19 S. 134 is directed to a subsequent assessment of what has been undertaken by a business visa holder and what their further intentions are. The grant of a business visa is based, in large part, upon a person’s commitment to establish, participate in or own an eligible business in Australia. The reporting conditions are connected with the assessment and may trigger it. It is of some importance, I consider, that the Minister may exercise the power given bys 134 at any time. At any time during the currency of the visa, if the Minister is satisfied that the visa holder’s obligations have not been met and the Minister is not persuaded that there have been genuine efforts to do so or that it is intended to continue to make those efforts, then s 134 permits cancellation of the visa. The question is whether the Minister is obliged to do so.

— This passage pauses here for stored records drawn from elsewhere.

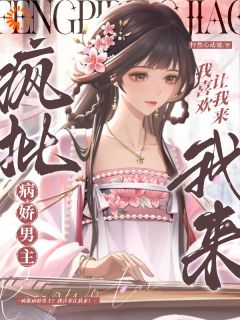 主角是怀柔怀安裴沉野的小说-疯批病娇男主？我喜欢让我来！完整章节阅读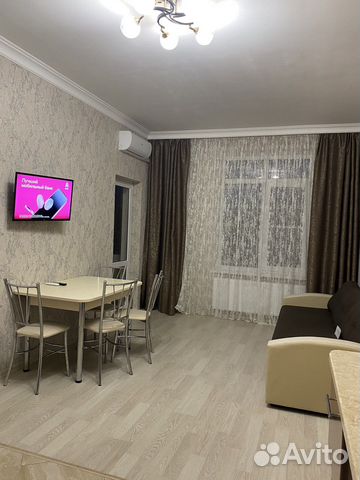 

1-к. квартира, 55 м², 3 кровати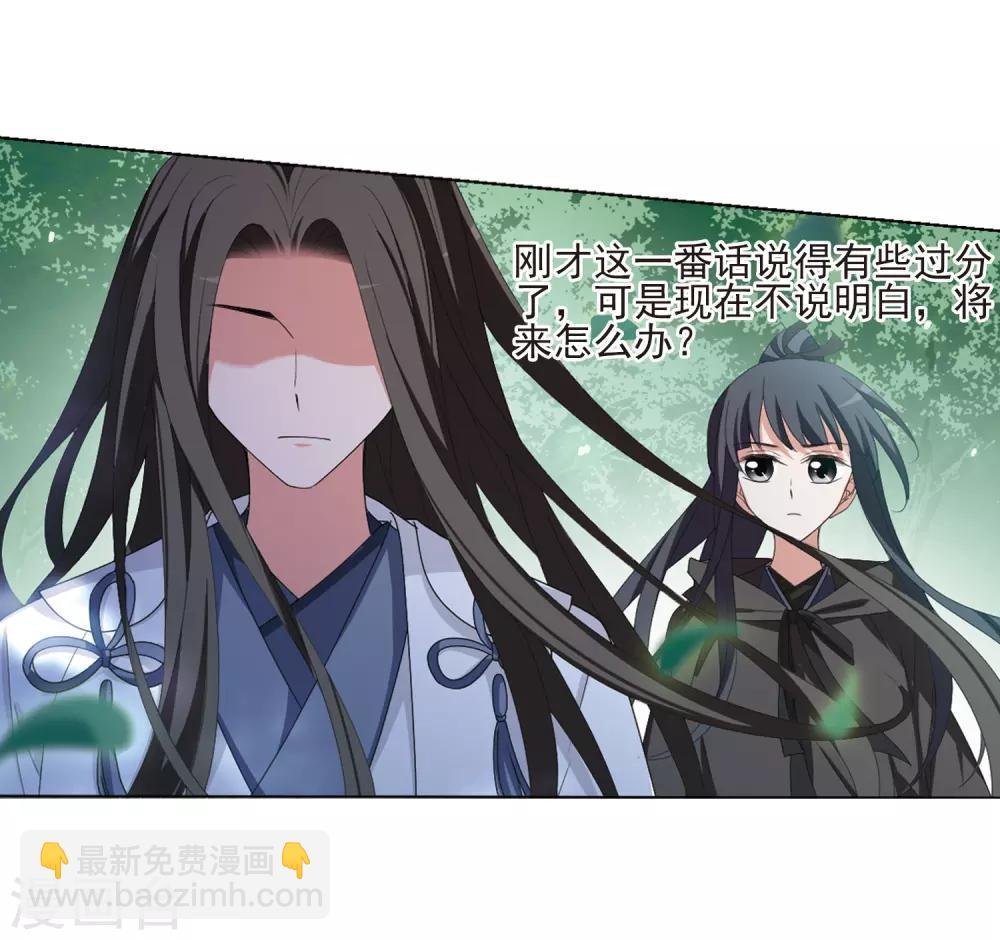 第392话 再遇战野1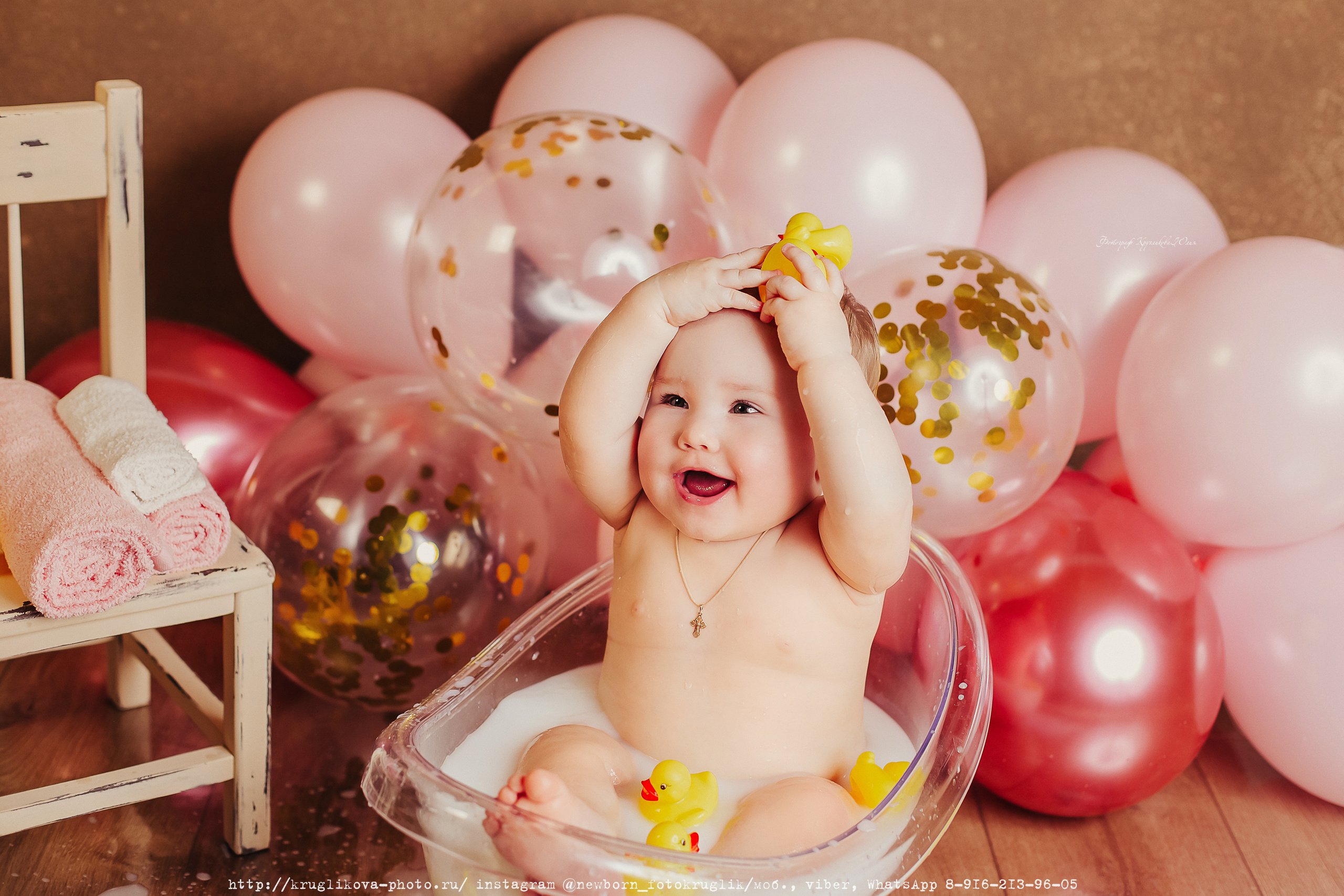 фотограф на годик Сергиев Посад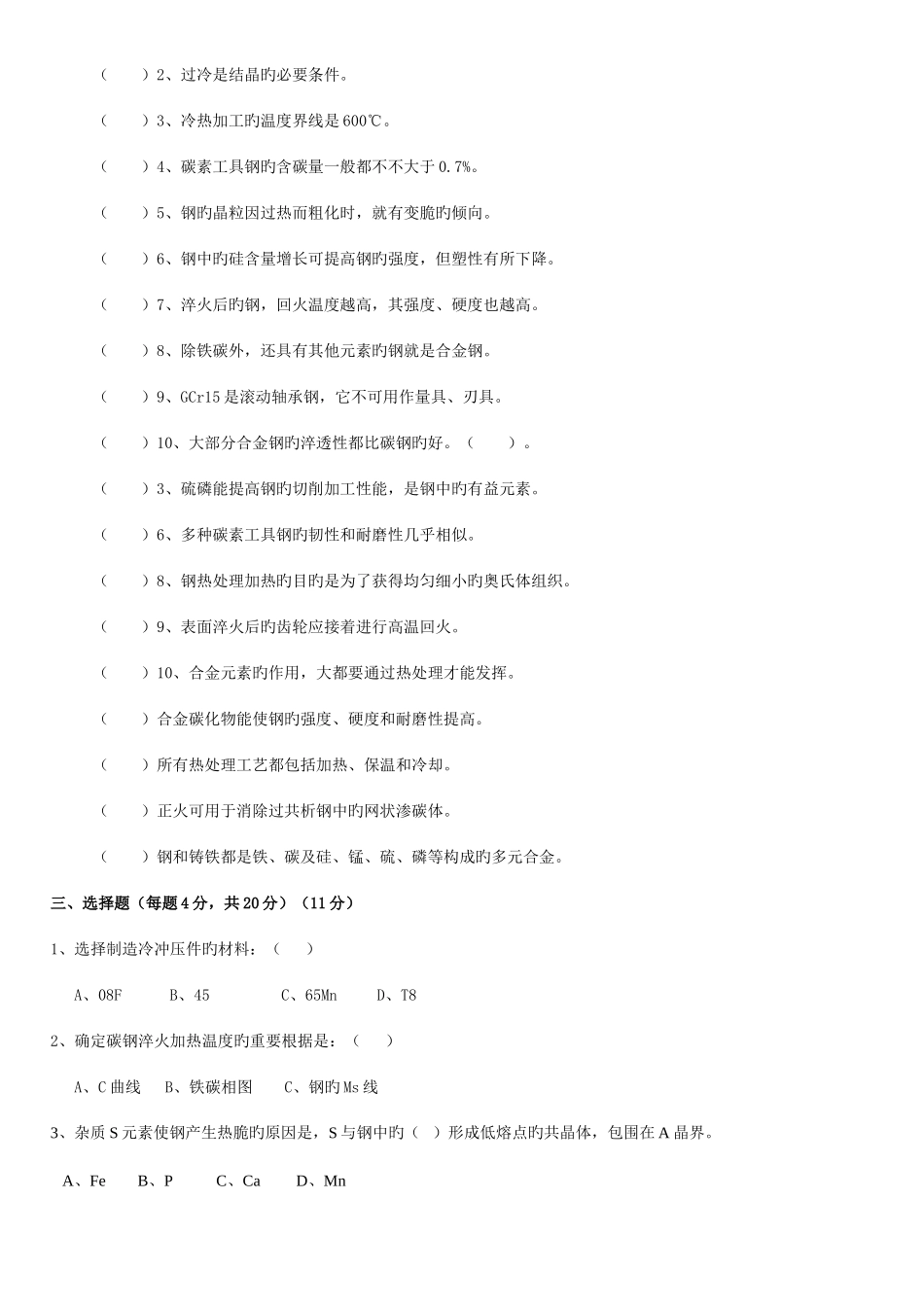 2025年金属材料与热处理题库_第3页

20 There are some factors which weigh against the likelihood that that might be intended. No words indicative of obligation are used and the section is not structured in such a way as to suggest that cancellation is to follow automatically. The prohibition in subs (2) is a limit upon the power to cancel given by s 134(1) if the Minister is satisfied of the matters there listed. Those matters are not expressed as conditions for the maintenance or non-cancellation of the visa.

21 It is not obvious that cancellation is the only possibility. The Minister’s contention that the word ‘may’ in s 134(1) does not mean that there is a discretion not to cancel would be stronger if it were shown that there was nothing which might be said in the visa holder’s response to the notice of intention to cancel, which might be relevant to the exercise of a discretion, or that there was no purpose to be served by the exercise of such a discretion. Whilst the discretion given in s 134(1) is not as broad as that considered in Samad, in the sense that it does not involve more choices, it cannot be said that a decision not to cancel a visa could serve no purpose. The Minister might be satisfied of the matters referred to in subs (1) and not be satisfied as to the efforts made as referred to in subs (2) but nevertheless consider in a particular case that further time should be given to the visa holder to undertake what was required of them. An explanation satisfactory to the Minister, of inaction up to the point of assessment, might be given. The nature of the power to cancel is a continuing one. There is no apparent purpose to be achieved by requiring cancellation whenever the Minister is undertaking an assessment of what has been undertaken by a visa holder. The Minister retains the right to cancellation under s 134(1) at all times. This does not suggest that the Minister is to be obliged to cancel a business visa if the Minister is not satisfied at a particular point during the currency of the visa of the matters in s 134(2).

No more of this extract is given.